> [Data entries]

#####

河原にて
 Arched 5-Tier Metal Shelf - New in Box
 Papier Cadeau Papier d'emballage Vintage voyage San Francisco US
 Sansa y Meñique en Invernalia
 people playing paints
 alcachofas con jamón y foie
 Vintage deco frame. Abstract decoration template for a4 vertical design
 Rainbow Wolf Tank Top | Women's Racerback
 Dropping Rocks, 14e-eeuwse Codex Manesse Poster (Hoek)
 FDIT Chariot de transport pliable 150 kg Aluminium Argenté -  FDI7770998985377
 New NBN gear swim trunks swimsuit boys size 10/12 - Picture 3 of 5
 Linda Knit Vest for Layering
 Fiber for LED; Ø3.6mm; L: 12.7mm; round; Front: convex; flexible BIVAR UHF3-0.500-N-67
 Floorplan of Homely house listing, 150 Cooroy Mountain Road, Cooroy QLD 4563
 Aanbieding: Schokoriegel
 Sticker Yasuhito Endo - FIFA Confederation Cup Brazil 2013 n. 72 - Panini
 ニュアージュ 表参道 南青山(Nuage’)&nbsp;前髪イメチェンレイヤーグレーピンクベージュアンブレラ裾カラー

#####

> [WHAT IS BEING ASKED] Search the entries above for the string "Vintage". Copy each line in which it appears.

> [SOLUTION BELOW]
 Papier Cadeau Papier d'emballage Vintage voyage San Francisco US
 Vintage deco frame. Abstract decoration template for a4 vertical design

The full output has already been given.